Earlier in the week, I took another look at the EU Cookie Directive and suggested some resources for further investigation. Thanks then to reader Ollie Morcom, who pointed me towards a very neat solution (my least favourite word, but one which is correct in this case) for “cookie law compliance”. It’s called Cookie Control, and it’s the brainchild of an online marketing agency in Edinburgh called CIVIC. Cookie Control puts up an unintrusive information panel telling visitors about the presence of cookies on your website, and enables you to get a visitor’s explicit consent for the use of cookies on their computer. As the creators say, it “represents a good first step towards legislative compliance”, and even if it’s not exhaustively implementing the requirements of the legislation, it’ll put you far enough ahead of the majority of other companies that you needn’t have any worries about being singled out for legal aggravation.

So you’re going to ask “what does it look like then?”. Well, we installed it on the BMON website yesterday, so you should have seen the pop-up panel here. If not, you can call it up with the little icon bottom left. And here’s the good thing: for a templated site (including one run by a content management system), it was really easy (for that, read cheap!) to implement. Your website designer/manager shouldn’t have any problem.

15 thoughts on “Need a way of conforming to the EU “Cookie Directive”? (continued)”

  1. Looks to be an elegant solution …except perhaps fading out the cooking warning panel before any positive action has been taken by the viewer is not a good idea. Because of this I doubt whether it will conform.
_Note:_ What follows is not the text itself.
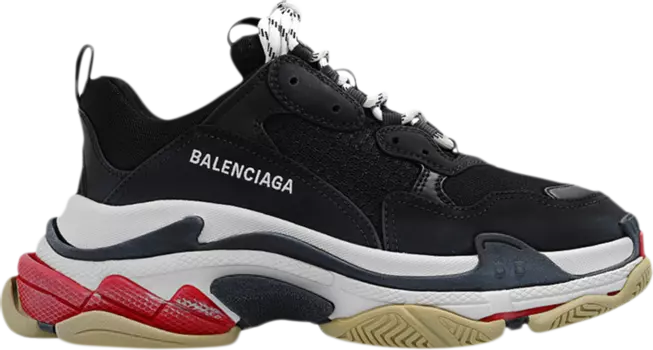 Кроссовки Balenciaga Wmns Triple S Sneaker 'Black Red' 2023, черный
  2. Peter: someone’s just emailed me with exactly the opposite findings. The fun of browsers, indeed.

    Graham: I get your point, although they can click on the orange icon to get it back. But I’m not sure it really matters. To be honest, this solution at least shows you’re trying to conform to this largely unworkable, unfriendly and misguided piece of legislation, and that alone will put you ahead of 95% of businesses, which ought to be enough. You know the old joke: two guys are camping when a bear suddenly comes out and growls. One of them starts putting on his tennis shoes. The other says: “What are you doing? You can’t outrun a bear!” to which the first replies: “I don’t have to outrun the bear, I just have to outrun you!”
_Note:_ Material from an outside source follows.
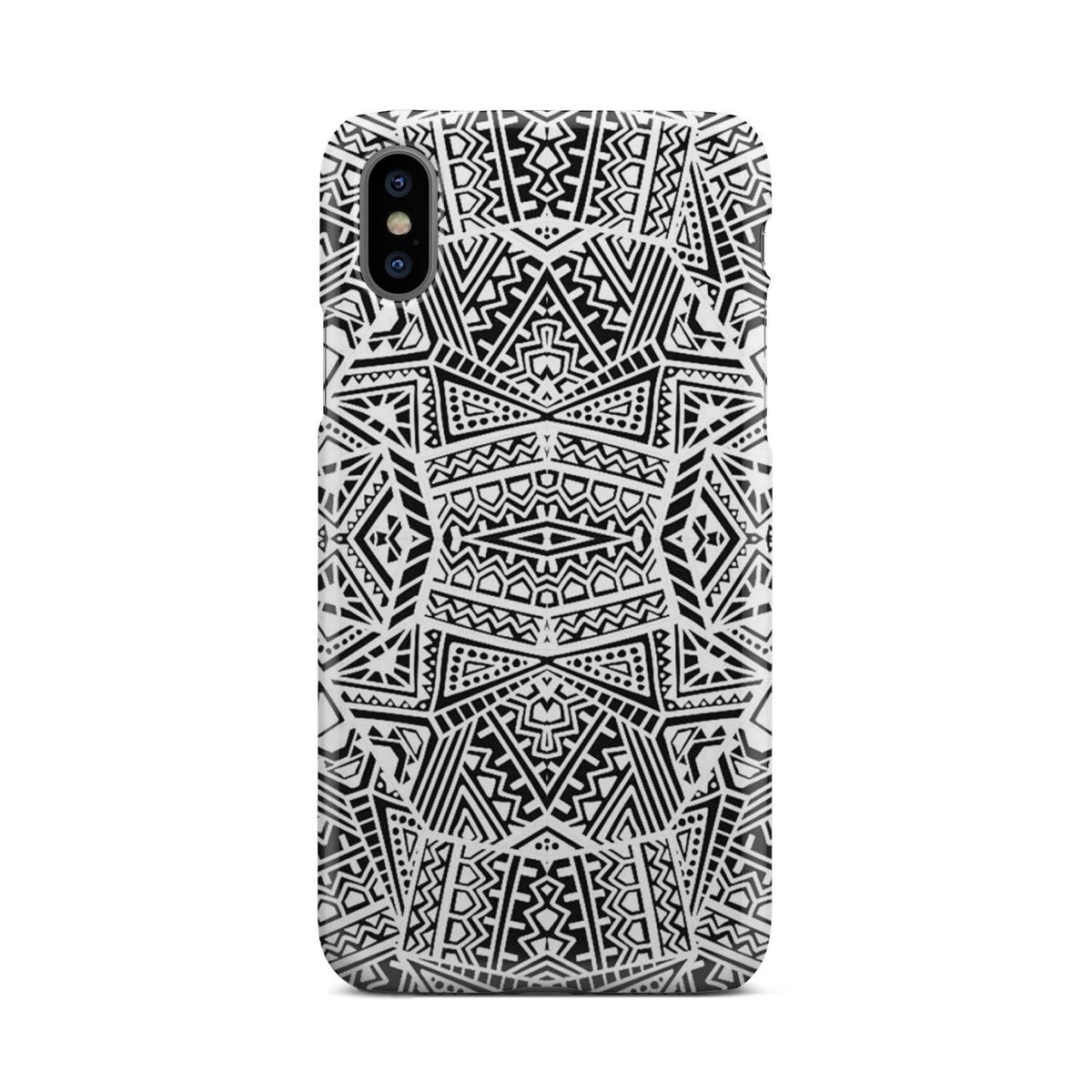 Polynesian Phone Case White And Black iPhone Xs - Polynesian Pride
  3. Chris: Thanks for the mention of Content Control – it’s great to see it being discussed!

    Graham: I take your point about the fade-out. We’re in the process of adding an additional configuration option enabling users to set the time on the fade-out. For maximum compliance you’ll be able to set this to something really high – several minutes if you wish. With Cookie Control we wanted to provide a tool for compliance that webmasters have full control over.
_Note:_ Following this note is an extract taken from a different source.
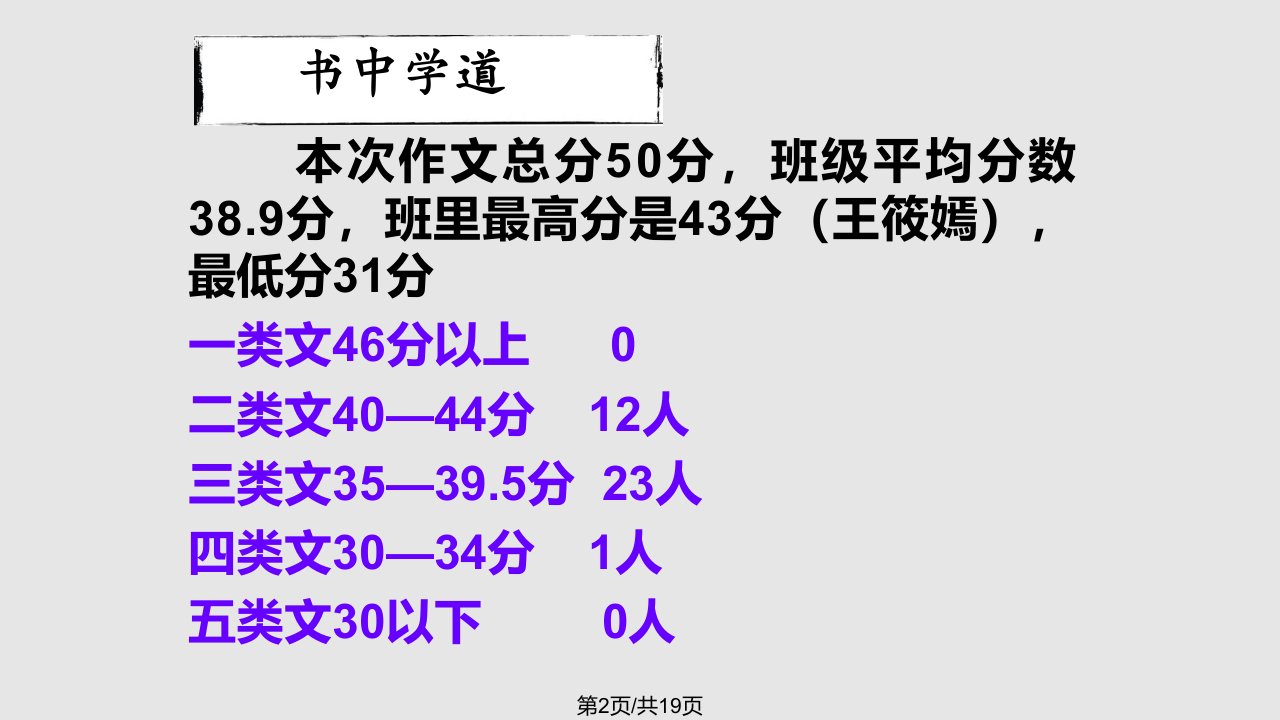 遇见讲评课学习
    It’s also worth bearing in mind that if you just ignore the pop up, it’ll keep coming up on every page load (if you have configured it to pop up).

    Peter: Would love to know what browser versions you used when testing – we’ve been eliminating browser issues as they come up and thought we’d caught most of them. If you let me know we’ll go and fix them.

  4. The problem when I looked into solutions like this is that you either need to store the user’s preference to not have cookies stored (how? by storing a cookie?) or infuriate users by asking them on every visit.

  5. Philip: Absolutely! It will be infuriating. But there’s no other way of doing it unless the end user is expected to start fiddling with their browser settings.

    We think Cookie Control is a bit less infuriating than some other solutions though!

    It’s also pretty ironic that we remember when someone has opted in using a cookie.

  6. Mark: The irony isn’t lost on me. Perhaps you could change the text on Cookie Control to, “This is what happens when you let bureaucrats make technology decisions”

    The only viable alternative to nagging on every visit is to require users to log in. To hell with UX, let’s throw our professional pride to the wind and comply with wonky EU policy decisions.

  7. I went to for the Cookie Control, but their site does not ask me for permissions to use cookies and then leaves cookies on my computer, one of which is named which implies tracking. I know its not law yet but shouldn’t this company have implemented it yet if they are offering a solution?

  8. I am not sure this solution will work…

    When used on my site a cookie was planted on the computer, so it does not block cookies initially. They do provide instruction about blocking cookies initially, but then I wonder how many people will see that and assume the default code is all they need.

    The cookies deposited included on for their own site.

    If we do change site code to prevent the initial download, then once we approve, the cookies that should have been loaded will not. e.g. I wonder if Google Analytics will show zero for the home page visit – unless this system then calls analytics and other tracking cookies after the user approves.

    On the code on my own site I can only see an I Accept button and no I Do Not Accept. On this site you have a Get Me Out Of Here, but maybe I would like to stay but not have cookies tracked.

    So I think it still has some things to address. If these are addressed then I dont think its clear.